With no addition or omission, return the entries below.

[Caption-style text data]
╔══

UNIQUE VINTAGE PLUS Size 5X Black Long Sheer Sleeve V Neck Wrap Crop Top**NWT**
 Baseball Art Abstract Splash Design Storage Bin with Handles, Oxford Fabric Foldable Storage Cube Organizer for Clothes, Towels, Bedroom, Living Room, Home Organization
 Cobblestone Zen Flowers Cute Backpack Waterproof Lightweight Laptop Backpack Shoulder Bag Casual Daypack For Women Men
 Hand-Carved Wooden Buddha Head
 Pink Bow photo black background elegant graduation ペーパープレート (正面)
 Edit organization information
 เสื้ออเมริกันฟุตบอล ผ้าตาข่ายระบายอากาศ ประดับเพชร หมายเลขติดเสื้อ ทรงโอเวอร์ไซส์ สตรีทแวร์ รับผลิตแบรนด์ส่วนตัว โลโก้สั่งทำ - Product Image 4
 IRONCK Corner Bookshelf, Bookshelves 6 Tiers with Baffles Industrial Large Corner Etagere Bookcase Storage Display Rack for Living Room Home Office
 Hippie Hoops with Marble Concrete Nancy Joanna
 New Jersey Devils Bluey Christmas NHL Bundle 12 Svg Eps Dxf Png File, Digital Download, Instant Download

╚══

● **Your solution**:
UNIQUE VINTAGE PLUS Size 5X Black Long Sheer Sleeve V Neck Wrap Crop Top**NWT**
 Baseball Art Abstract Splash Design Storage Bin with Handles, Oxford Fabric Foldable Storage Cube Organizer for Clothes, Towels, Bedroom, Living Room, Home Organization
 Cobblestone Zen Flowers Cute Backpack Waterproof Lightweight Laptop Backpack Shoulder Bag Casual Daypack For Women Men
 Hand-Carved Wooden Buddha Head
 Pink Bow photo black background elegant graduation ペーパープレート (正面)
 Edit organization information
 เสื้ออเมริกันฟุตบอล ผ้าตาข่ายระบายอากาศ ประดับเพชร หมายเลขติดเสื้อ ทรงโอเวอร์ไซส์ สตรีทแวร์ รับผลิตแบรนด์ส่วนตัว โลโก้สั่งทำ - Product Image 4
 IRONCK Corner Bookshelf, Bookshelves 6 Tiers with Baffles Industrial Large Corner Etagere Bookcase Storage Display Rack for Living Room Home Office
 Hippie Hoops with Marble Concrete Nancy Joanna
 New Jersey Devils Bluey Christmas NHL Bundle 12 Svg Eps Dxf Png File, Digital Download, Instant Download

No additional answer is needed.